City of Columbus computer systems are being brought back online as city officials continue to investigate Wednesday night’s data breach.
Director of Security and Risk Mike Richardson said city email has been functioning since Thursday night, but the ability to make payments to the city for some services is not yet up and running due to the outage, which happened following the 7 p.m. data breach on Wednesday night.
When the city’s IT department was notified of the breach, they took immediate steps to safeguard and limit access to information, according to city officials.
Richardson said Friday afternoon the investigation into the breach and its extent is continuing.
“We’re still trying to analyze it and figure it out,” Richardson said, adding they are looking for means to prevent something similar from happening in the future.
City officials said that no credit card or banking information was compromised in the breach.
The two incidents, first the breach into the system, and then the internet outage, are said to be “completely separate and coincidental,” according to a press release sent out on Thursday morning.
“From what I’ve been told from our IT department, those are two totally separate instances, just when it rains it pours,” Richardson said on Thursday.
It’s being investigated by Richardson, along with the City of Columbus IT Department — the FBI is not involved, nor is any other outside law enforcement agency, although Richardson said Columbus Police Chief Steve Norman has been a part of city meetings on the issue.
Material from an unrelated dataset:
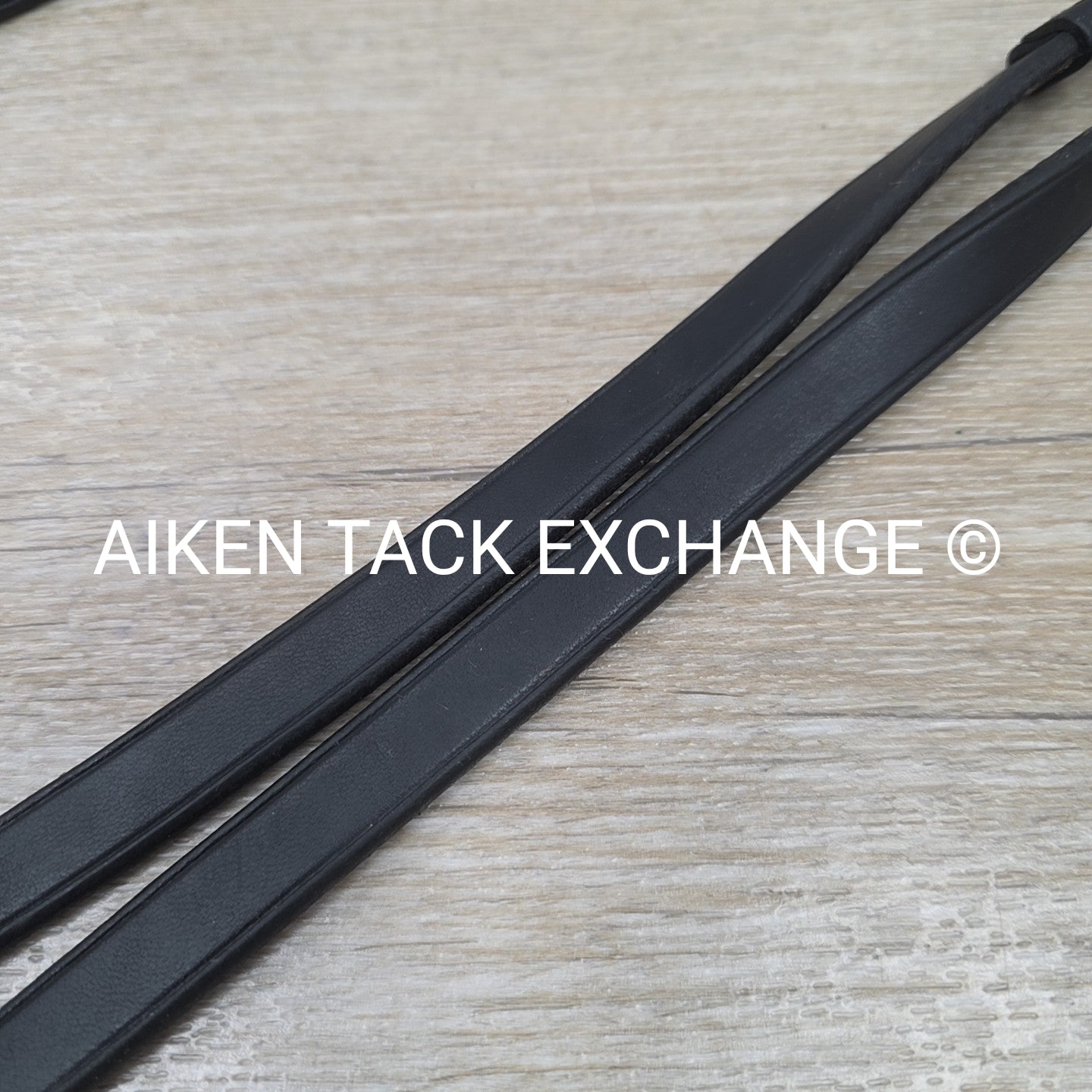 Leather Reins with Hand Stops, Black, 60"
Richardson said the city did not experience a ransomware attack where information was accessed by an outside entity and held hostage for payment.
“No, we’ve not had any of that, nobody’s reached out and tried to hold something for ransom,” Richardson said.
Social media reports that Bartholomew County and BCSC also experienced a data breach, even an attempted one, are false, according to county and school officials. Some services that are connected to the city’s computer system, such as the county GIS system, had been affected, according to county officials.
Bartholomew County government suffered little, if any, damage to their IT system during the incident and county workers still have access to the internet, Bartholomew County Commissioners chairman Larry Kleinhenz said.
Columbus City Utilities (CCU) was not negatively affected at all by the breach because their systems are separate from the core city systems, Director Roger Kelso said.
CPD’s internet is back working again as well, Sgt. Skylar Berry, CPD spokesman said. CPD can access their emails once again and the record’s division is able to take payments and crash reports. However, CPD’s reporting system is still undergoing work and reports officers make will have to entered into the system later.